*** Opening of Data shown ***
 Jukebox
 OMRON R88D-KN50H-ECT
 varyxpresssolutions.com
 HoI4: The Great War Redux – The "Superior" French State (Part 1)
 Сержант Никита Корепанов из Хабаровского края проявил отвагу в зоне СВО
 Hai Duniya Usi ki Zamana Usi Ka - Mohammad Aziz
*** Close of Data shown ***
*** Opening of Data shown ***
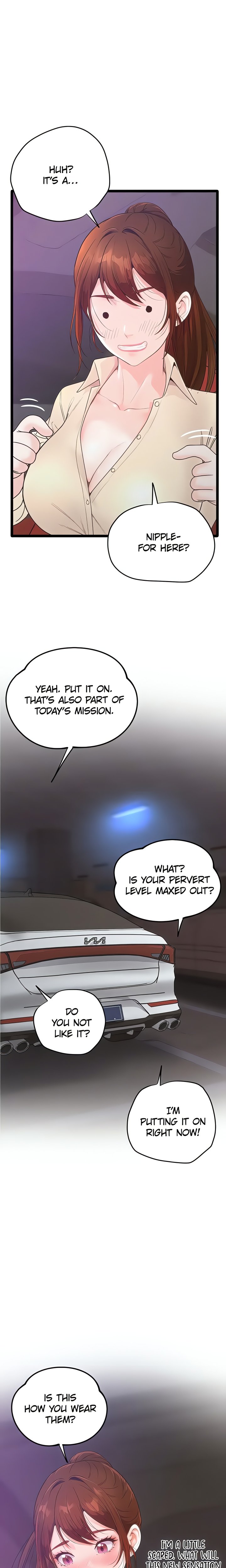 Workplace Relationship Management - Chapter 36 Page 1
*** Close of Data shown ***
• [Work required]
Set down only the lines above that fall between the line holding "OMRON R88D-KN50H-ECT" and the line holding "Hai Duniya Usi", inclusive, keeping each exact.

• [Solution below]
 OMRON R88D-KN50H-ECT
 varyxpresssolutions.com
 HoI4: The Great War Redux – The "Superior" French State (Part 1)
 Сержант Никита Корепанов из Хабаровского края проявил отвагу в зоне СВО
 Hai Duniya Usi ki Zamana Usi Ka - Mohammad Aziz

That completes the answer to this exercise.